Le immagini della  maxi-rissa nel cuore della notte aIla Camera dei Deputati, dove si discutevano le riforme costituzionali, destano stupore, incredulità, rabbia.  Sono ore convulse che sfociano nell’Aventino delle opposizioni che abbandonano l’Aula al grido “votatevi da soli questo obbrobrio di riforme”. Che dire, il “teatrino della politica” torna ad offrire il meglio di sè, ed il capocomico di turno di questa grande compagnia teatrale, il rottamatore Renzi, ricalca le impronte di predecessori, tanto criticati con gli slogan quanto mutuati, se non superati, nei comportamenti.
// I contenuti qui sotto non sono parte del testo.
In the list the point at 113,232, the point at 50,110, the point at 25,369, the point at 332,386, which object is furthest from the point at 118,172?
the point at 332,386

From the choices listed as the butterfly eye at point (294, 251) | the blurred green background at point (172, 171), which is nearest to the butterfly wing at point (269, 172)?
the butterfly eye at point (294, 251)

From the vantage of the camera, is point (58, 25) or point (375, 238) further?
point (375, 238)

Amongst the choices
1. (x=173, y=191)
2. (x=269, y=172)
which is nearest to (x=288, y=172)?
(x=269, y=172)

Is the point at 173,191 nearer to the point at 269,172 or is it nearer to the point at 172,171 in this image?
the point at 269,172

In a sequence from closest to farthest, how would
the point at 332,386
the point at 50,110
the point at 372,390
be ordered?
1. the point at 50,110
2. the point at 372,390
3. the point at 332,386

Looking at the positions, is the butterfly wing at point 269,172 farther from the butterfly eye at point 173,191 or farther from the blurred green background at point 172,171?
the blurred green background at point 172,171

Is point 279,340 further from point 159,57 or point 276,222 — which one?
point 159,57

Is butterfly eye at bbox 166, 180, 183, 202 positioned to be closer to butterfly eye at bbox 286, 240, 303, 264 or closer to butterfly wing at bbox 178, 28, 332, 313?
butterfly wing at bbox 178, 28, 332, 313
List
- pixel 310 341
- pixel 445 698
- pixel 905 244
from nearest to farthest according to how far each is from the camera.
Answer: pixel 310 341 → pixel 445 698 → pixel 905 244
renziTornano di moda le campagne acquisti di parlamentari per ovviare alle difficoltà della maggioranza, si costringono Camera e Senato a lavorare con tempi contingentati per impedire alle opposizioni di svolgere il proprio ruolo, si rende metodico il ricorso ai voti di fiducia per limitare il dibattito e impedire la modifica dei provvedimenti, si decide autonomamente la nomina del Presidente della Repubblica. Il crescendo wagneriano culmina con l’imposizione, assenti le minoranze, della riforma della Costituzione, ovvero la carta che sancisce i principi fondamentali della vita democratica di una nazione.
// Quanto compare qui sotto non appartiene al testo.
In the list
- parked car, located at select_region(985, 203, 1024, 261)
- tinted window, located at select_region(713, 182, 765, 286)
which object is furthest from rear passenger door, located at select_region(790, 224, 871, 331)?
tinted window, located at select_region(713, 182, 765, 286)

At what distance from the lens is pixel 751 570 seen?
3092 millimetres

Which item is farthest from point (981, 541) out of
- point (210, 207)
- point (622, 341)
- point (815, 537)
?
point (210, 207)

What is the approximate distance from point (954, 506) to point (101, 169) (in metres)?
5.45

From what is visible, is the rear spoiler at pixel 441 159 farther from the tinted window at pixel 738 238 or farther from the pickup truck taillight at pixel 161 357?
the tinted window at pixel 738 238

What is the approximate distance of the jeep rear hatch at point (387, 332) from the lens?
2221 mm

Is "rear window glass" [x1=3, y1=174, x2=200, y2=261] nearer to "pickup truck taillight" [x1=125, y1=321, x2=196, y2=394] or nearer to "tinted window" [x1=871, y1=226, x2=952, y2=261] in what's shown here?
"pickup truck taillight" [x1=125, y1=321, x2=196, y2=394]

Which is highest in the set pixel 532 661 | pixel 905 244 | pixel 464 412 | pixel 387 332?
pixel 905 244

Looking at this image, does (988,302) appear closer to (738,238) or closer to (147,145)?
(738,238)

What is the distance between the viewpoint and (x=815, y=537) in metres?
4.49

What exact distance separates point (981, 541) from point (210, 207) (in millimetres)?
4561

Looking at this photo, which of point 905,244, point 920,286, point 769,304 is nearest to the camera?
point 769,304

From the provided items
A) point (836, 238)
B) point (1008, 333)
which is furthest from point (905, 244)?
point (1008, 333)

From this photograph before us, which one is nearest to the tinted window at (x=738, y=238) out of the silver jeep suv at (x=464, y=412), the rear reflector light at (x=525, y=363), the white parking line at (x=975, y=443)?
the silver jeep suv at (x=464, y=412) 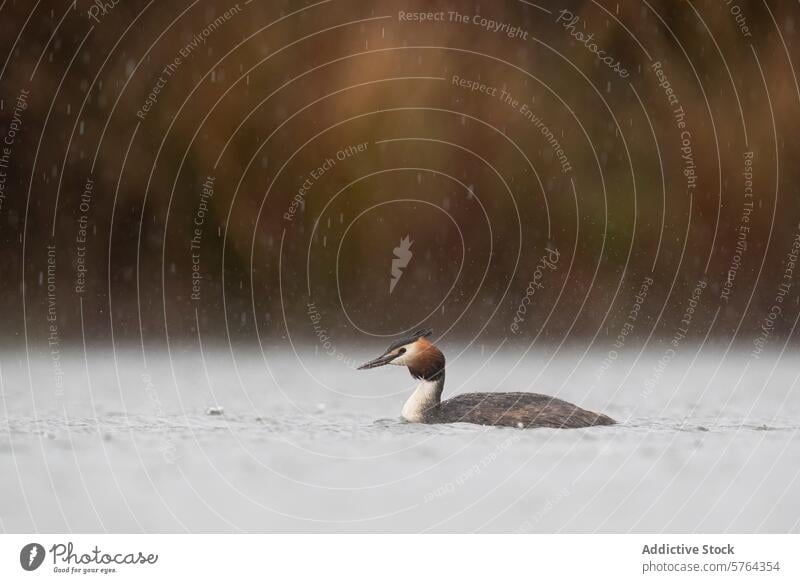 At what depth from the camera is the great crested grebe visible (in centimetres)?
400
Ci sembra un ottimo viatico per un leader ed un governo non eletti dai cittadini.
Alle critiche sull’opportunità di votare le modifiche costituzionali in un’aula pressoché vuota, anche interne al suo partito, il Matteo nazionale replica “Piuttosto che non farle, queste riforme ce le facciamo da sole. Se passa la logica per cui l’ostruzionismo blocca il diritto e il dovere della maggioranza di fare le riforme è la fine. Minacciano di non votare? Problema loro”. E ancora: “C’è un derby tra chi vuole cambiare l’Italia e chi vuole rallentare il cambiamento.” Così il premier conferma le scadenze temporali (dettate da chi, verrebbe da chiedere), imponendo sabato 14 febbraio, ad un Parlamento semideserto, la chiusura della fase emendativa e voto finale a marzo.

In serata, è poi seguita la finalissima di Sanremo, evento in cui Rai1 registra uno dei picchi di share più elevati dell’intero anno televisivo. E secondo voi chi poteva spuntare in pompa magna al Tg1 che ha preceduto il Festival? Semplice, sempre lui, l’onnipresente Matteo Renzi, al quale è stata riservata un’intervista in solitaria proprio a ridosso dell’appuntamento dell’Ariston.
Il premier, insomma, mette il cappello anche sulla kermesse, e sfrutta l’occasione per parlare di attualità politica, attaccando Silvio Berlusconi: “Ha cambiato idea tante volte nella sua vita politica. Ha cambiato idea anche questa volta, mi dispiace, mi dispiace essenzialmente per lui. Però Berlusconi ha cambiato il passato dell’Italia, non gli permetteremo di cambiare il futuro. Noi andiamo avanti, se Berlusconi ricambia idea sa dove trovarci, altrimenti faremo le riforme senza di lui”. Si passa poi al festival, e Renzi annuncia: “Se lo vedrò? Certo che lo vedrò, visto che quasi tutti gli italiani lo stanno seguendo, a giudicare dai dati di ascolto”. Pochi minuti dopo, nel corso del rituale collegamento che precede la diretta, Carlo Conti risponde al premier: “Lo ringrazio, è stato emozionante, una bella sorpresa che non mi aspettavo”.
La par condicio, questa sconosciuta, è ormai un lontano ricordo, da evocare solo in casi eccezionali…

Cosa dire? Negli annali della storia, il 14 febbraio sarà ricordato non solo per la festa degli innamorati o per la strage di Chigago degli anni ’20 compiuta da Al Capone, ma anche per il Matteo Day, il giorno in cui tutto fa spettacolo: il Parlamento, la Costituzione, il Presidente del Consiglio, San Valentino, il Festival di Sanremo.
Ci giunge voce che i vincitori del festival siano stati realmente “i più votati” dal pubblico, dalla giuria di esperti e da una giuria demoscopica…. a differenza di qualcun altro… Chi tanto e chi niente!